The year started out right with the publication of my alternate history "Captain of the Clouds" on January 1st by the ezine Aurora Wolf.

"The Second Confederacy used unremarkable biplanes to patrol the border, but the greater Texas Republic used helium-filled dirigibles on its side of the Mississippi River—and Billy Greer knew each one by sight.

"The airship on patrol that summer along the Mississippi-Louisiana border in 1936 was the Gov. Ferguson.
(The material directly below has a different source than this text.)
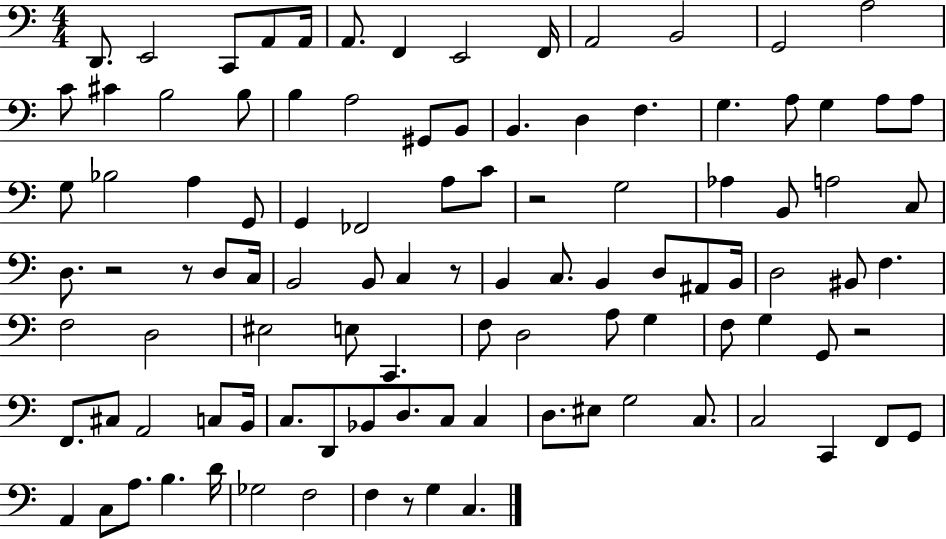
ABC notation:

During the summer Billy and his friends would wait every afternoon to see it float past Natchez.  This afternoon, though, Billy was alone.  Some of his friends had been distracted by a report of a dead cat run over on a nearby street.  Billy took advantage of being alone to do something he’d been wanting to do for a long time."

The POD in this alternate history is that the great Spanish Flu epidemic after World War I carried off a third of the U.S. population as opposed to maybe three percent in real life (one-third off all Americans did get sick, so the one-third figure is not unreasonable if the flue had been universally fatal).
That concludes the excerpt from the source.